Exercise goal: From the data that follows, set down exactly the lines from the one with "There are no" through the one with "We're going to be doing", counting both. Pictures stay out.

Source records:
┄┄┄┄┄┄┄┄┄┄┄┄┄┄┄┄┄┄┄┄

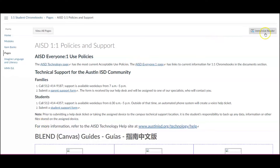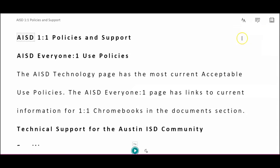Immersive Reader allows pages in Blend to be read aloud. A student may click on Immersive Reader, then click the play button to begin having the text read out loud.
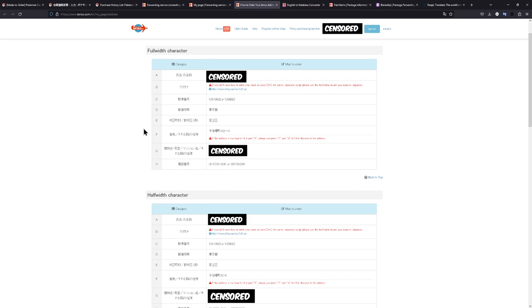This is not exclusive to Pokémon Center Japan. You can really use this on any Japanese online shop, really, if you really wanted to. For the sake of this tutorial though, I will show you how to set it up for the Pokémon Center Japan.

┄┄┄┄┄┄┄┄┄┄┄┄┄┄┄┄┄┄┄┄

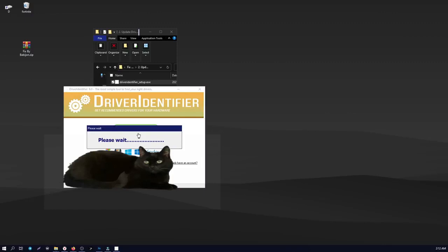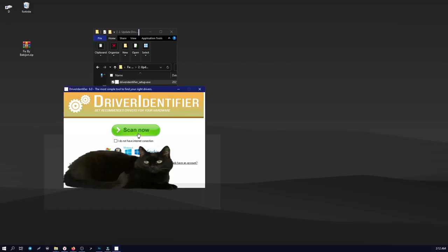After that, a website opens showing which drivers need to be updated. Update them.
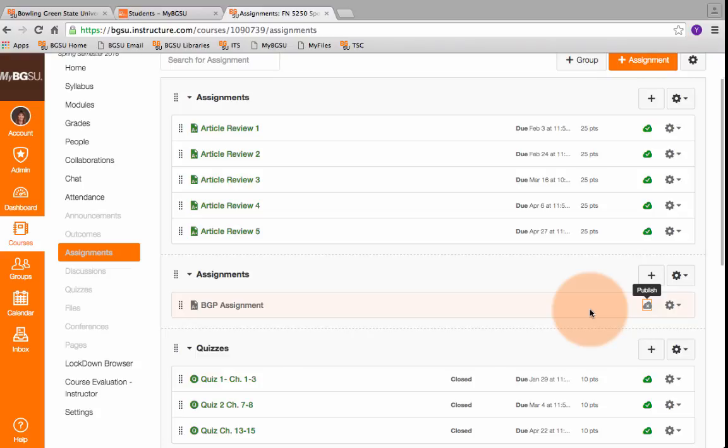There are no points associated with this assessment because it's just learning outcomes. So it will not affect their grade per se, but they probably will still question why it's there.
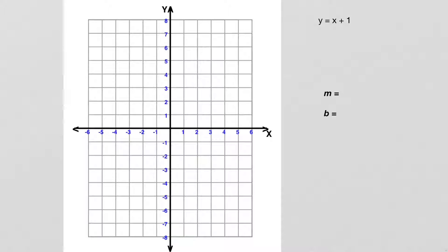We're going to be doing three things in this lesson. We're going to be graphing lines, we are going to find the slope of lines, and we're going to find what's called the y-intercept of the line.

┄┄┄┄┄┄┄┄┄┄┄┄┄┄┄┄┄┄┄┄

Written response:
There are no points associated with this assessment because it's just learning outcomes. So it will not affect their grade per se, but they probably will still question why it's there.
We're going to be doing three things in this lesson. We're going to be graphing lines, we are going to find the slope of lines, and we're going to find what's called the y-intercept of the line.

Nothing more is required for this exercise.